Example: `CAST(ROW(1, 2e0) AS ROW(x BIGINT, y DOUBLE))`

Named row fields are accessed with field reference operator (`.`).

Example: `CAST(ROW(1, 2.0) AS ROW(x BIGINT, y DOUBLE)).x`

Named or unnamed row fields are accessed by position with the subscript
operator (`[]`). The position starts at `1` and must be a constant.

Example: `ROW(1, 2.0)[1]`

## Network address

### `IPADDRESS`

An IP address that can represent either an IPv4 or IPv6 address. Internally,
the type is a pure IPv6 address. Support for IPv4 is handled using the
*IPv4-mapped IPv6 address* range [RFC 4291#section-2.5.5.2](https://datatracker.ietf.org/doc/html/rfc4291.html#section-2.5.5.2`).
When creating an `IPADDRESS`, IPv4 addresses will be mapped into that range.
When formatting an `IPADDRESS`, any address within the mapped range will
be formatted as an IPv4 address. Other addresses will be formatted as IPv6
using the canonical format defined in [RFC 5952](https://datatracker.ietf.org/doc/html/rfc5952.html).

Examples: `IPADDRESS '10.0.0.1'`, `IPADDRESS '2001:db8::1'`

## UUID

### `UUID`

This type represents a UUID (Universally Unique IDentifier), also known as a
GUID (Globally Unique IDentifier), using the format defined in [RFC 4122](https://datatracker.ietf.org/doc/html/rfc4122.html).

Example: `UUID '12151fd2-7586-11e9-8f9e-2a86e4085a59'`

## HyperLogLog

Calculating the approximate distinct count can be done much more cheaply than an exact count using the
[HyperLogLog](https://wikipedia.org/wiki/HyperLogLog) data sketch. See `/functions/hyperloglog`.

### `HyperLogLog`

A HyperLogLog sketch allows efficient computation of [approx\_distinct()](/sql/functions/aggregate#approx-distinct). It starts as a
sparse representation, switching to a dense representation when it becomes more efficient.

### `P4HyperLogLog`

A P4HyperLogLog sketch is similar to [HyperLogLog](/sql/reference/types#hyperloglog), but it starts (and remains)
in the dense representation.

## SetDigest

### `SetDigest`

A SetDigest (setdigest) is a data sketch structure used
in calculating [Jaccard similarity coefficient](https://wikipedia.org/wiki/Jaccard_index)
between two sets.

SetDigest encapsulates the following components:

* [HyperLogLog](https://wikipedia.org/wiki/HyperLogLog)
* [MinHash with a single hash function](http://wikipedia.org/wiki/MinHash#Variant_with_a_single_hash_function)

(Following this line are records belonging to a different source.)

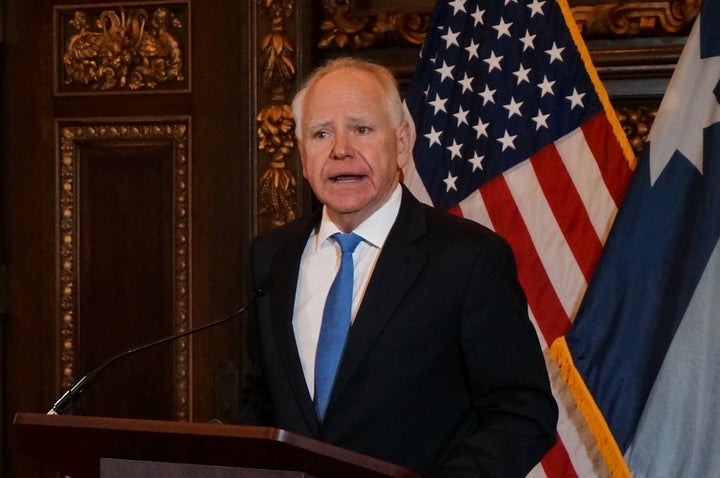 Minnesota Gov. Tim Walz holds a news conference at the Minnesota State Capitol on Monday, Jan. 5, 2026, in St. Paul, Minn. (AP Photo/Giovanna Dell'Orto)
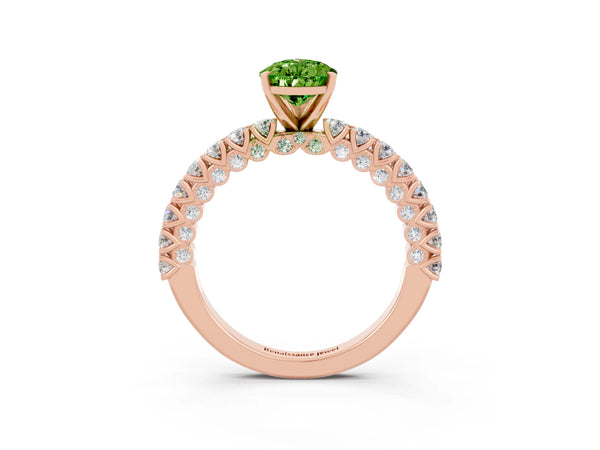 Rose gold Pear Cut Diamond Pavé Band Solitaire Ring with Prong Setting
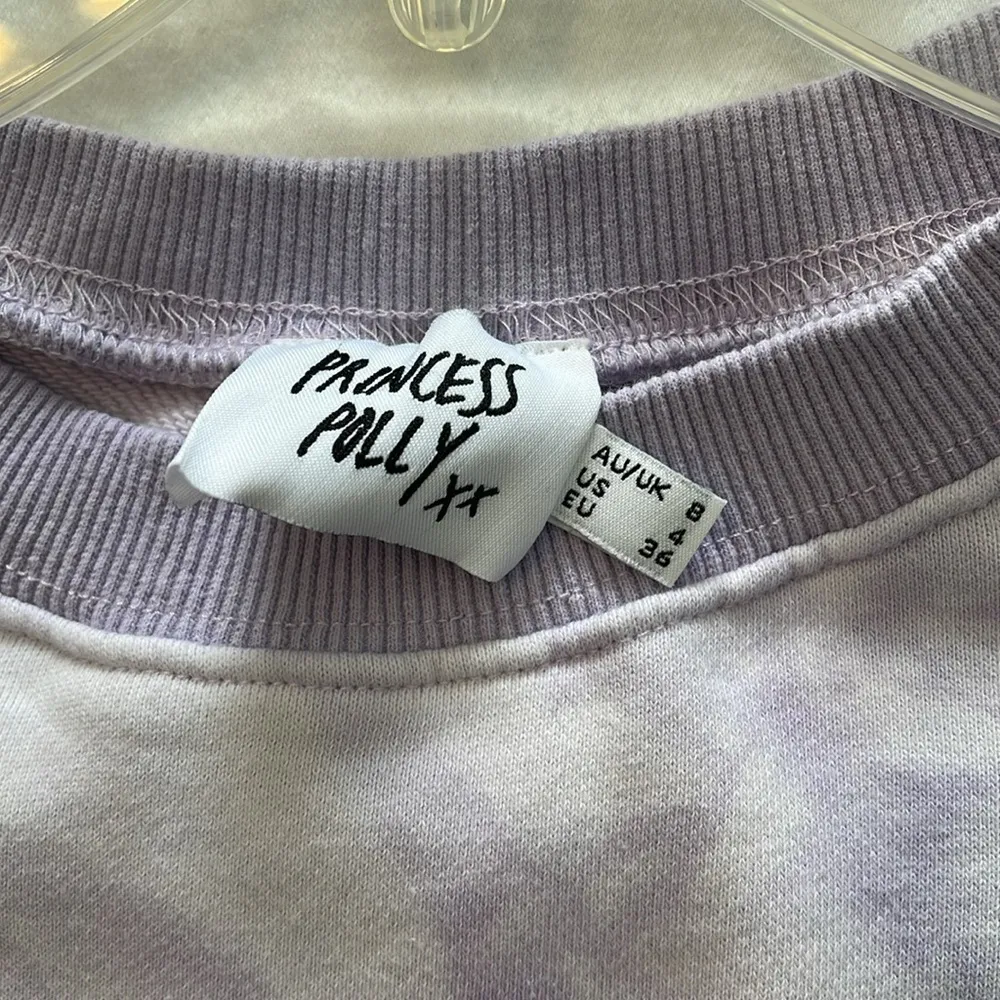 5‎ for $25 Princess Polly Tie Dye Oversized Crew Neck Sweatshirt Purple Size 4 - Image 3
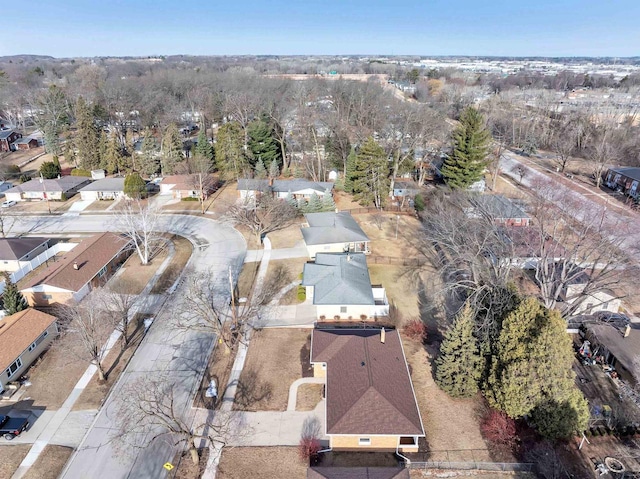 aerial view with a residential view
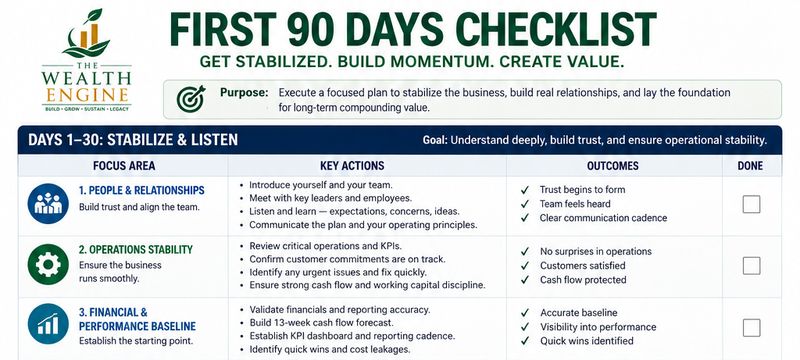 Small sample of First 90 Days Checklist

The HyperLogLog structure is used for the approximation of the distinct elements
in the original set.

The MinHash structure is used to store a low memory footprint signature of the original set.
The similarity of any two sets is estimated by comparing their signatures.

SetDigests are additive, meaning they can be merged together.

## Quantile digest

### `QDigest`

A quantile digest (qdigest) is a summary structure which captures the approximate
distribution of data for a given input set, and can be queried to retrieve approximate
quantile values from the distribution. The level of accuracy for a qdigest
is tunable, allowing for more precise results at the expense of space.

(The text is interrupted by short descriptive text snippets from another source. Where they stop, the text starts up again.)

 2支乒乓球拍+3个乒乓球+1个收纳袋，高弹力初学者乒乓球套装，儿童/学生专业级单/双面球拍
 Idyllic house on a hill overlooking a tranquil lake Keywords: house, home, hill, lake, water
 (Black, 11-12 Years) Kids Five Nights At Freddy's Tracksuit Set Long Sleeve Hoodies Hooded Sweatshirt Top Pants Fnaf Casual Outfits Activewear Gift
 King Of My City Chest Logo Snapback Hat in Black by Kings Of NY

A qdigest can be used to give approximate answer to queries asking for what value
belongs at a certain quantile. A useful property of qdigests is that they are
additive, meaning they can be merged together without losing precision.

A qdigest may be helpful whenever the partial results of `approx_percentile`
can be reused. For example, one may be interested in a daily reading of the 99th
percentile values that are read over the course of a week. Instead of calculating
the past week of data with `approx_percentile`, `qdigest`s could be stored
daily, and quickly merged to retrieve the 99th percentile value.

## T-Digest

### `TDigest`

A T-digest (tdigest) is a summary structure which, similarly to qdigest, captures the
approximate distribution of data for a given input set. It can be queried to retrieve
approximate quantile values from the distribution.

TDigest has the following advantages compared to QDigest:

* higher performance
* lower memory usage
* higher accuracy at high and low percentiles

T-digests are additive, meaning they can be merged together.